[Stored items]
--
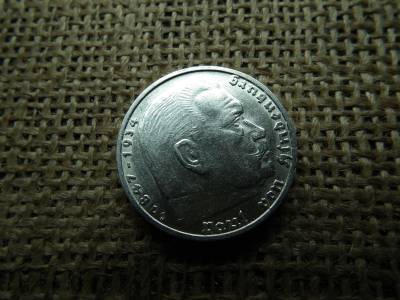 Birodalmi ezüst 5 márka 1937 J , Nagy sasos - horogkeresztes 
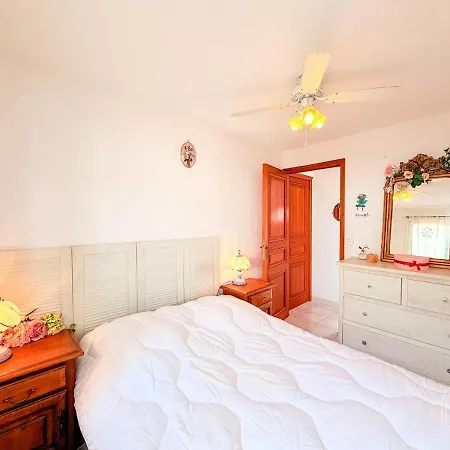 Maisonnette Avec Jardin Et Apercu A Bandol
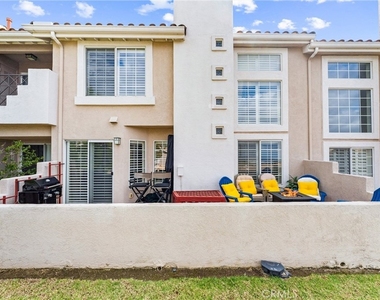 1037 S Daybreak Court - Photo Thumbnail 28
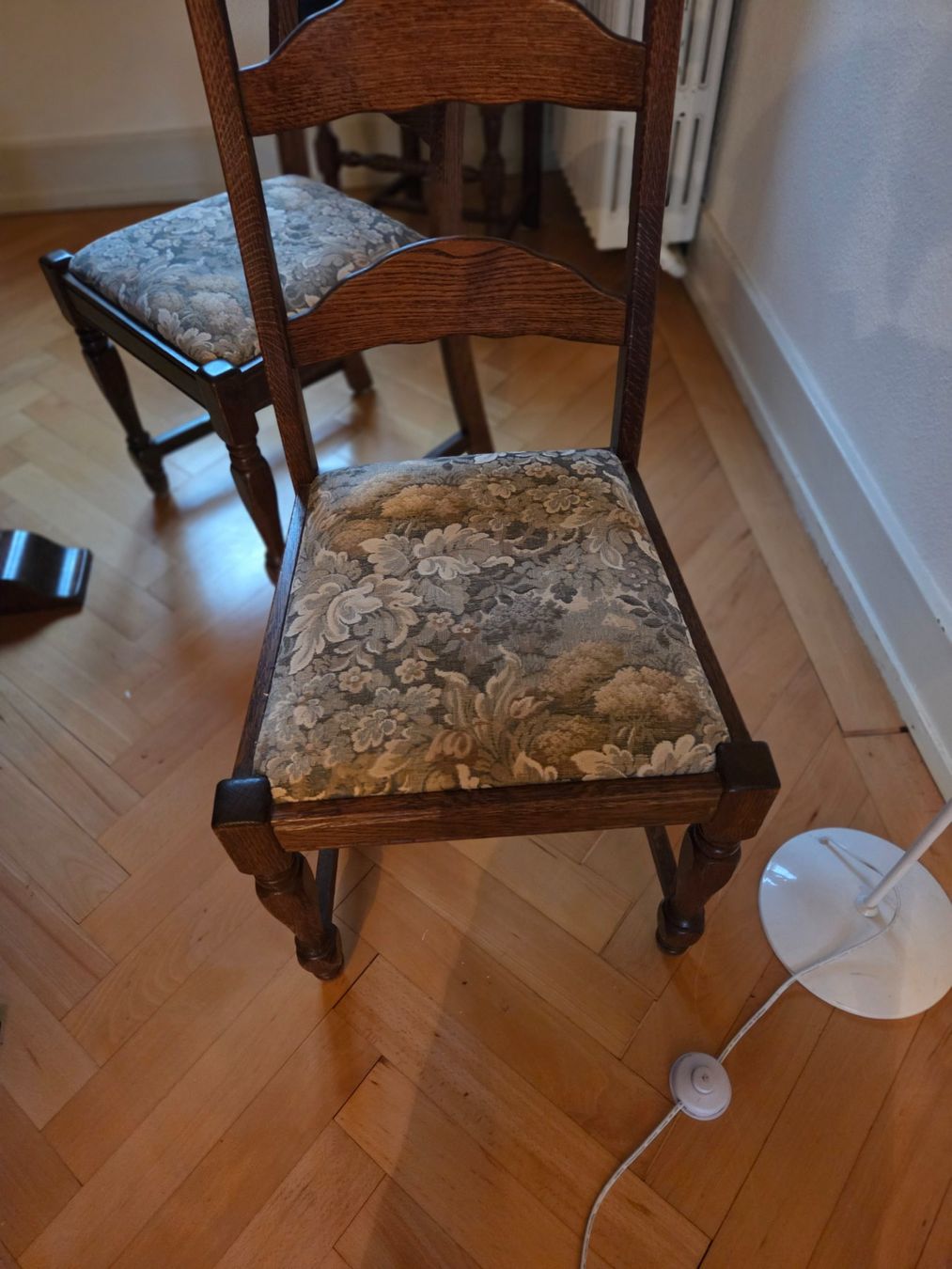 Sedie: Chaise – Usato da La Chaux-de-Fonds venduto da Flapi74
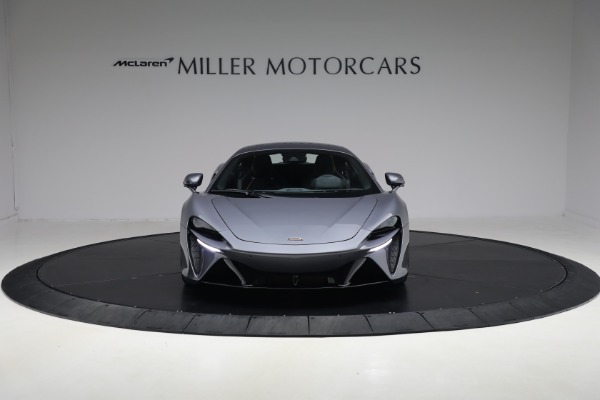 Used 2024 McLaren Artura Performance for sale $185,900 at Miller Motorcars Aston Martin in Greenwich CT 06830 12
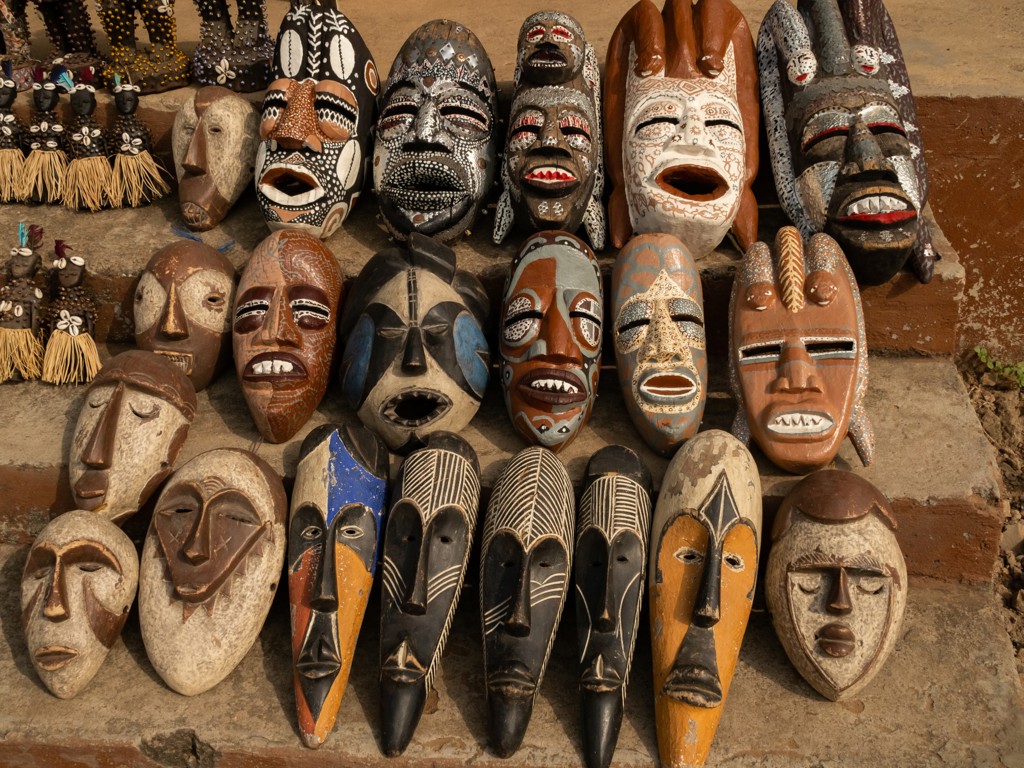 Traditionele houten maskers op een markt in Ghana, Togo en Benin.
--
What needs to be done
Pictures must be left out of the answer, which should be exactly the lines from the one holding "Sedie: Chaise –" through the last line of the entries above, both included; please add nothing.

Written reply
 Sedie: Chaise – Usato da La Chaux-de-Fonds venduto da Flapi74
 Used 2024 McLaren Artura Performance for sale $185,900 at Miller Motorcars Aston Martin in Greenwich CT 06830 12
 Traditionele houten maskers op een markt in Ghana, Togo en Benin.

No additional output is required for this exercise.